─── INPUT FOR THIS TASK
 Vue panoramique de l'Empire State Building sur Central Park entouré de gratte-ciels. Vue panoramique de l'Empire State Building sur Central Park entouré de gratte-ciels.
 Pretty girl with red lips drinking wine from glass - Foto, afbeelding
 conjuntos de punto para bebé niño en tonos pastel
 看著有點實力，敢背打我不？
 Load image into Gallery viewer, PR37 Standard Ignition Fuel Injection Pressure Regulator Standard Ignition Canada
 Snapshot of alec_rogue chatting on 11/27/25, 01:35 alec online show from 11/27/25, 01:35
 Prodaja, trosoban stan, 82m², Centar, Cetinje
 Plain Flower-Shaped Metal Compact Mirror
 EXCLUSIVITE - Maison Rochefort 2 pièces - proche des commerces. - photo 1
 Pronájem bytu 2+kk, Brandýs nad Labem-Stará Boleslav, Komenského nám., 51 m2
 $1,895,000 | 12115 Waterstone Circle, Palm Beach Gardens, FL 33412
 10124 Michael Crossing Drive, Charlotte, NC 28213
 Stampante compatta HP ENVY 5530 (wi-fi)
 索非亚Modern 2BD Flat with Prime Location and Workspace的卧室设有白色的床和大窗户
──────
WORK INSTRUCTIONS -
Where does the word "with" appear in the records? Copy every line that holds it.

FINAL ANSWER -
 Pretty girl with red lips drinking wine from glass - Foto, afbeelding
 索非亚Modern 2BD Flat with Prime Location and Workspace的卧室设有白色的床和大窗户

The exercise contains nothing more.